**About this task:** What's needed is a word-for-word retyping of the entries below, pictures omitted.

**Task data:**
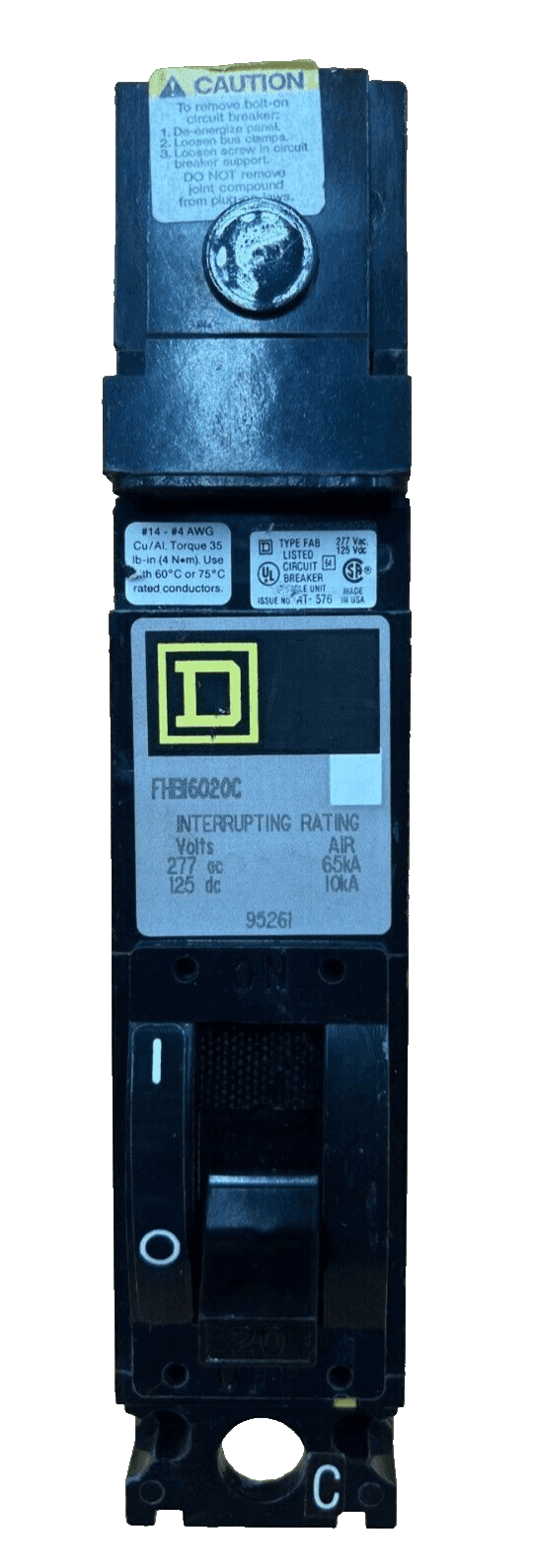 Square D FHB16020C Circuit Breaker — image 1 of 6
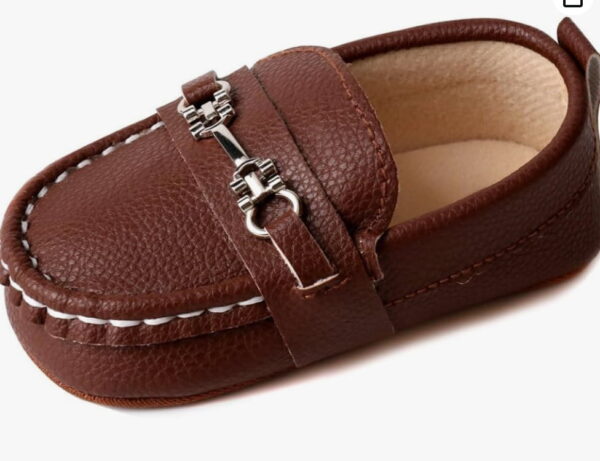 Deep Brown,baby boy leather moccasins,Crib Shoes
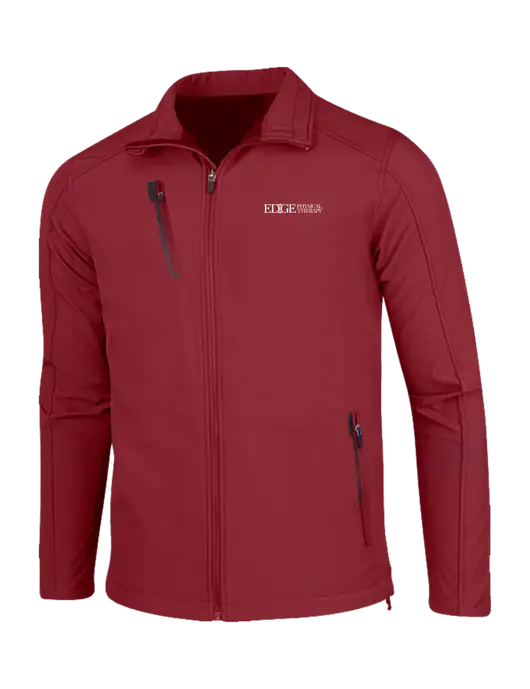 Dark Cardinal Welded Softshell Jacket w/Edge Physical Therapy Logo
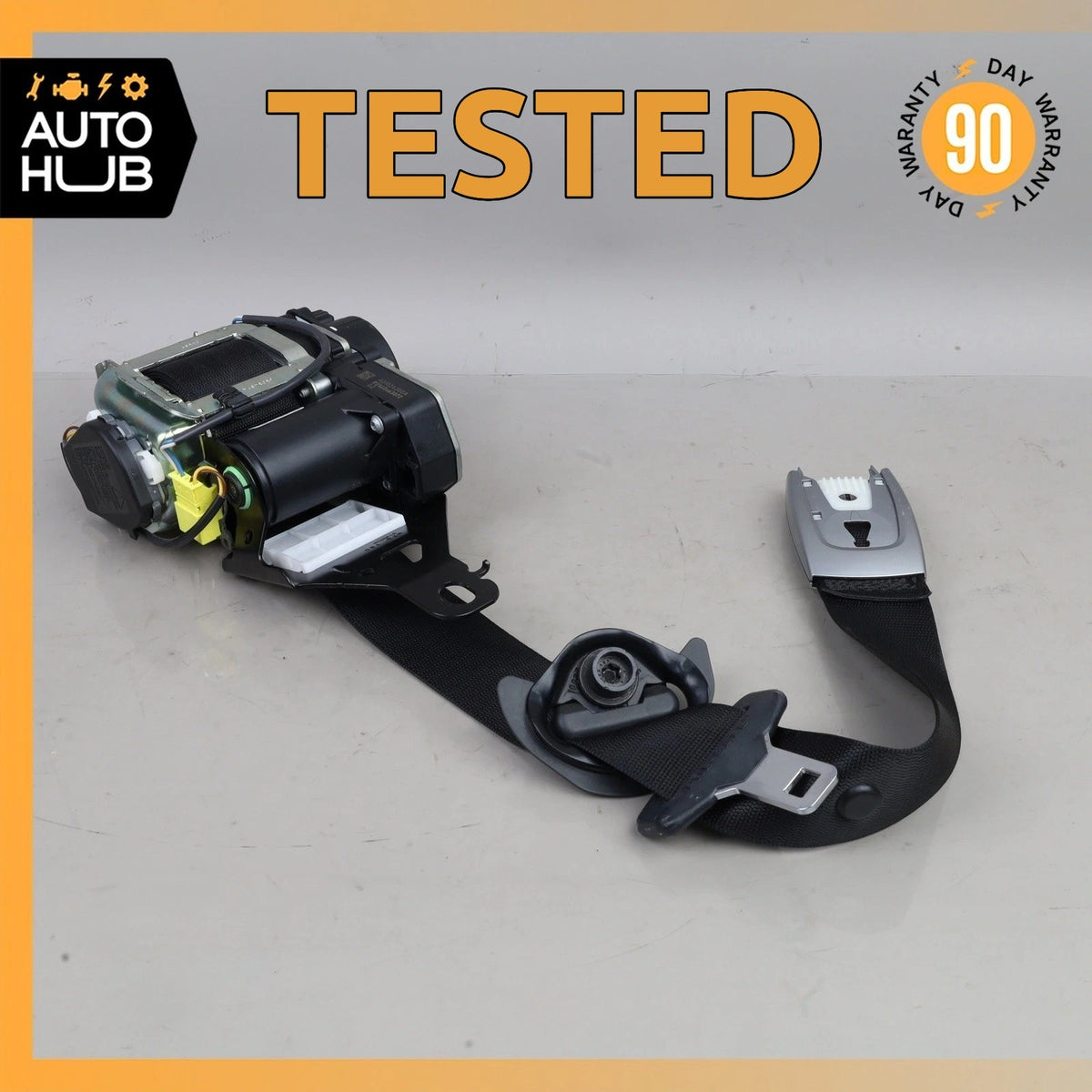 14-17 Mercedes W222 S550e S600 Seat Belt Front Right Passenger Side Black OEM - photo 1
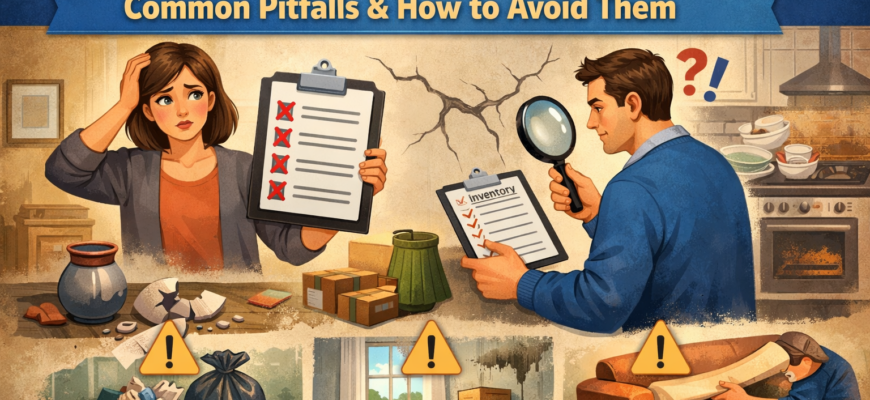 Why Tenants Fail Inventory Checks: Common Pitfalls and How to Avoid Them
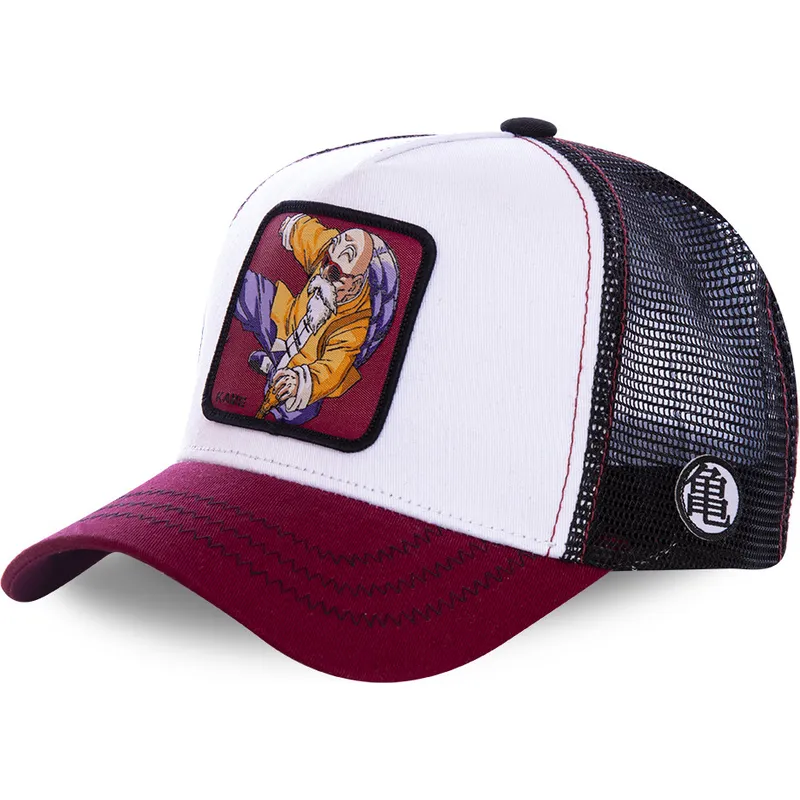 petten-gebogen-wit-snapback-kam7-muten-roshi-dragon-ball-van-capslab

**Result of the task:**
 Square D FHB16020C Circuit Breaker — image 1 of 6
 Deep Brown,baby boy leather moccasins,Crib Shoes
 Dark Cardinal Welded Softshell Jacket w/Edge Physical Therapy Logo
 14-17 Mercedes W222 S550e S600 Seat Belt Front Right Passenger Side Black OEM - photo 1
 Why Tenants Fail Inventory Checks: Common Pitfalls and How to Avoid Them
 petten-gebogen-wit-snapback-kam7-muten-roshi-dragon-ball-van-capslab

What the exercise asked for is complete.